◆ Recorded information ◆
━━━━━━
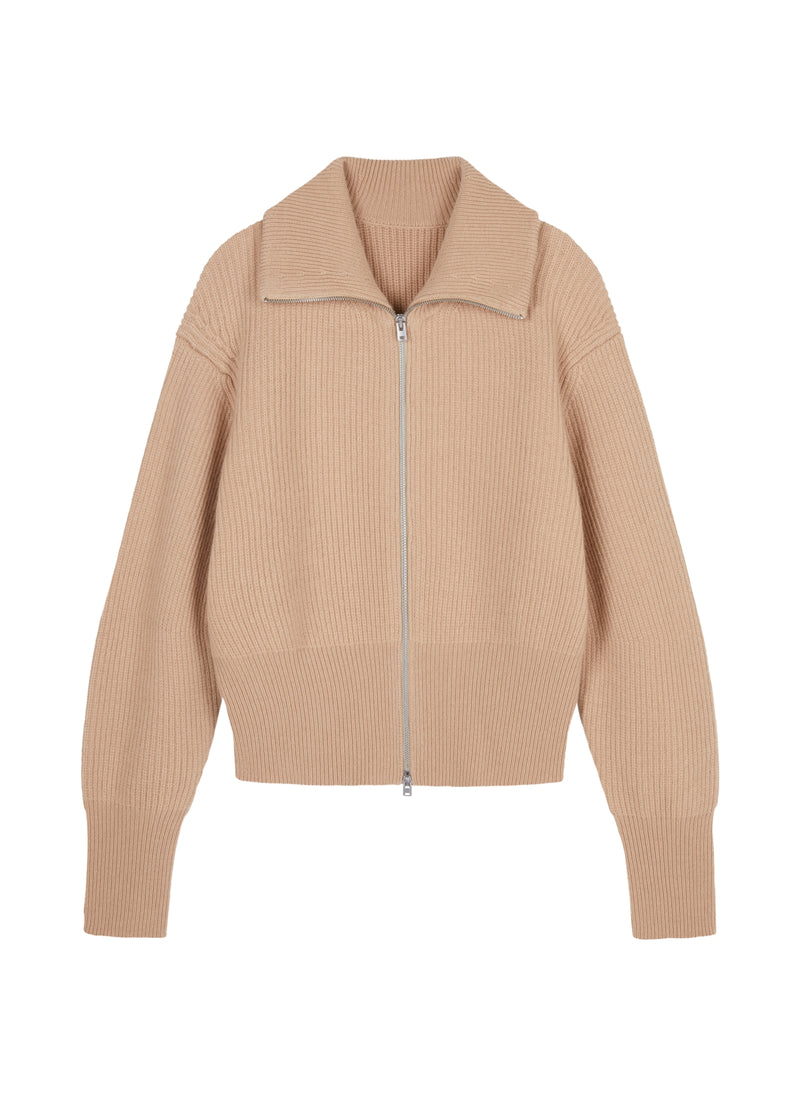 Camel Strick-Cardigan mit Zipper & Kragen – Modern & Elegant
━━━━━━
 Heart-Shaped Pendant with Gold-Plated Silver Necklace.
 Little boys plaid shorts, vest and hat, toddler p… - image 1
━━━━━━
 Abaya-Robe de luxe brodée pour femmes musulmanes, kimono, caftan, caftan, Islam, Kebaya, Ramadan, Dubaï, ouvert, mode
━━━━━━
Please copy, exactly and with nothing else, the lines above beginning at the line that has "Heart-Shaped Pendant with" and ending with the line that has "Little boys plaid".

 Heart-Shaped Pendant with Gold-Plated Silver Necklace.
 Little boys plaid shorts, vest and hat, toddler p… - image 1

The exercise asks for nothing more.